Would you copy exactly the lines in the data below from the one that has "Dogs Slicker Brush, Pet" through the one that has "AT-A-GLANCE 2026 Appointment", dropping any pictures?

(GIVEN RECORDS begins)

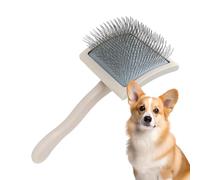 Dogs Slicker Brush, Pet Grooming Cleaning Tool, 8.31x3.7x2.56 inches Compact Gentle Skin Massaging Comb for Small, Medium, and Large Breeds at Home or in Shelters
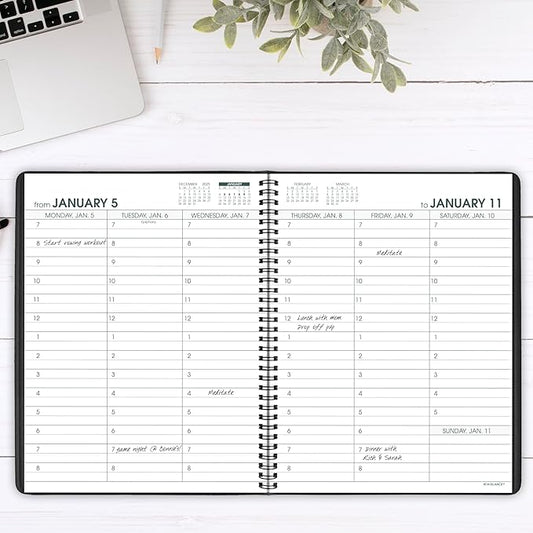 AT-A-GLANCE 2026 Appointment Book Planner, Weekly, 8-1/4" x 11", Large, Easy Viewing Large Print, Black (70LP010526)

(GIVEN RECORDS ends)
(GIVEN RECORDS begins)

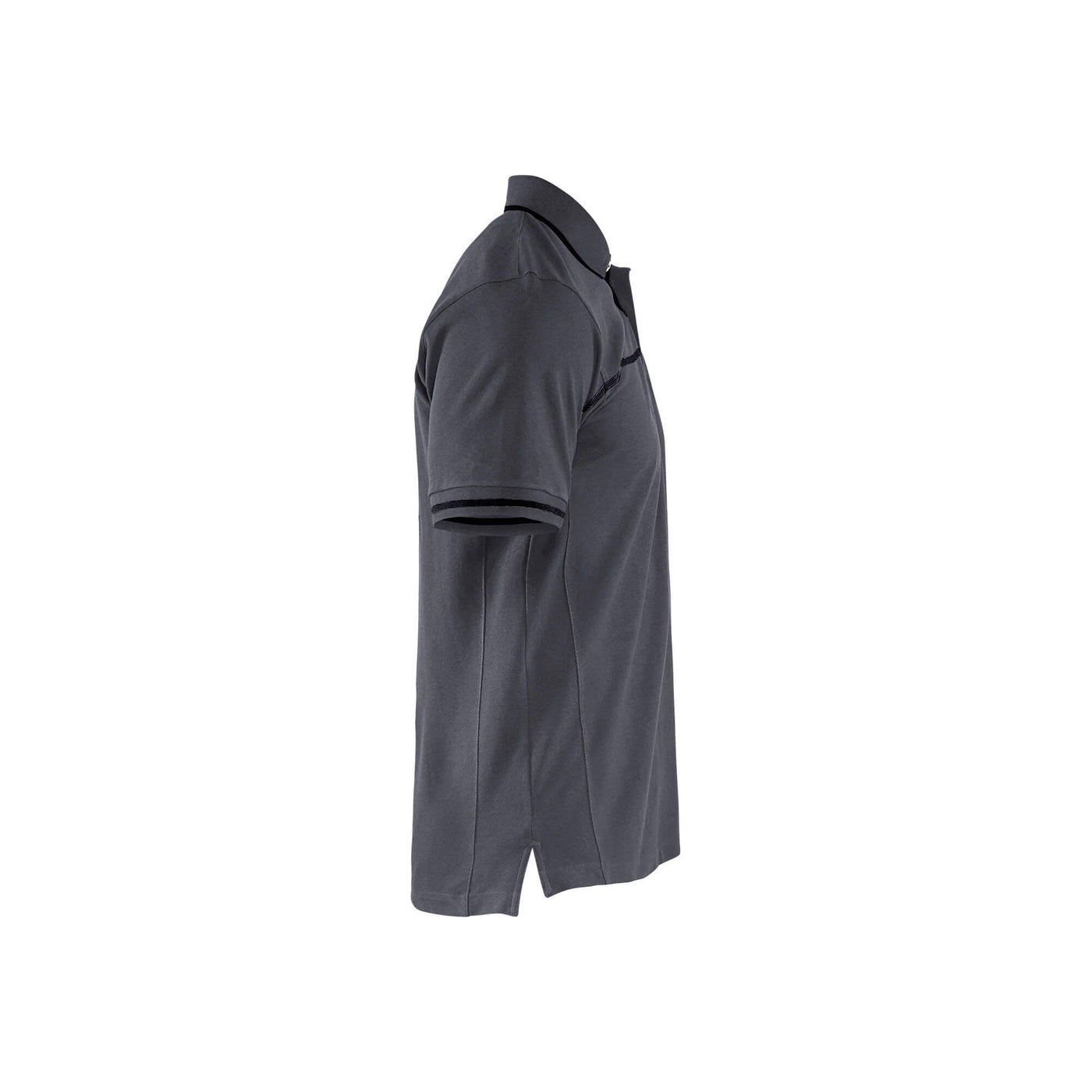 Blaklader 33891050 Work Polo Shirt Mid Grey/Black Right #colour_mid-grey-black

(GIVEN RECORDS ends)

THE ANSWER >>
 Dogs Slicker Brush, Pet Grooming Cleaning Tool, 8.31x3.7x2.56 inches Compact Gentle Skin Massaging Comb for Small, Medium, and Large Breeds at Home or in Shelters
 AT-A-GLANCE 2026 Appointment Book Planner, Weekly, 8-1/4" x 11", Large, Easy Viewing Large Print, Black (70LP010526)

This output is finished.